Start of DATA EXCERPT

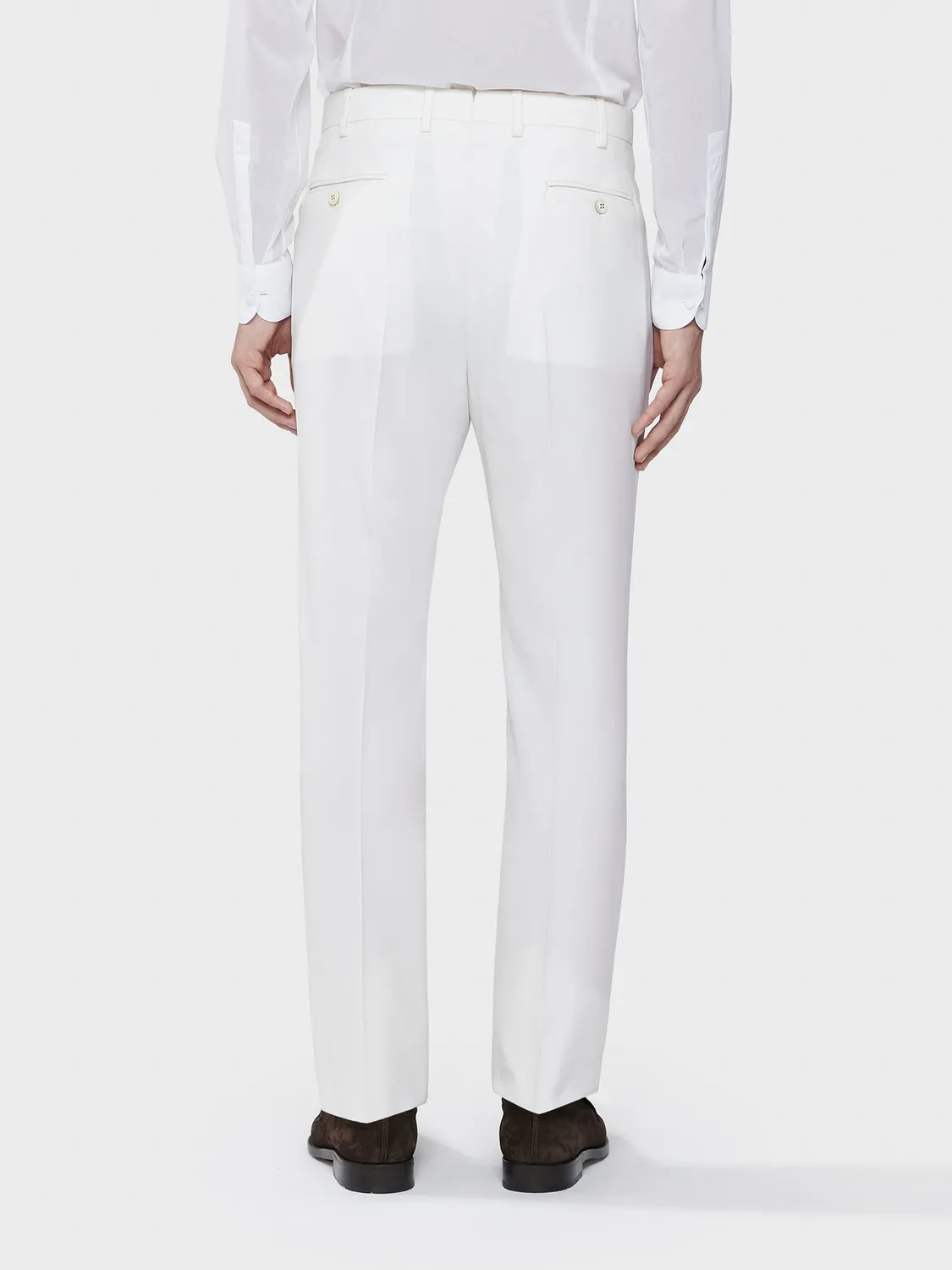 Caruso Pantalone in Lana Bianco Slim Fit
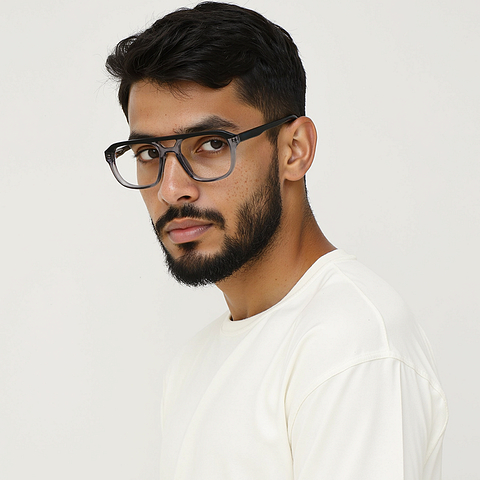 Vincent Chase Black Full Rim Square left side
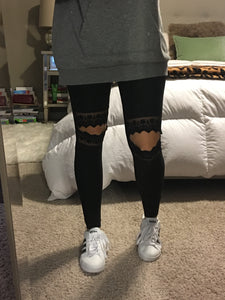 Lace Cut Out Brushed Leggings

End of DATA EXCERPT

[TASK DESCRIPTION] With pictures excluded, copy exactly the lines from the line containing "Vincent Chase Black" through the last line of the listing above, both ends included.

[TASK RESULT]
 Vincent Chase Black Full Rim Square left side
 Lace Cut Out Brushed Leggings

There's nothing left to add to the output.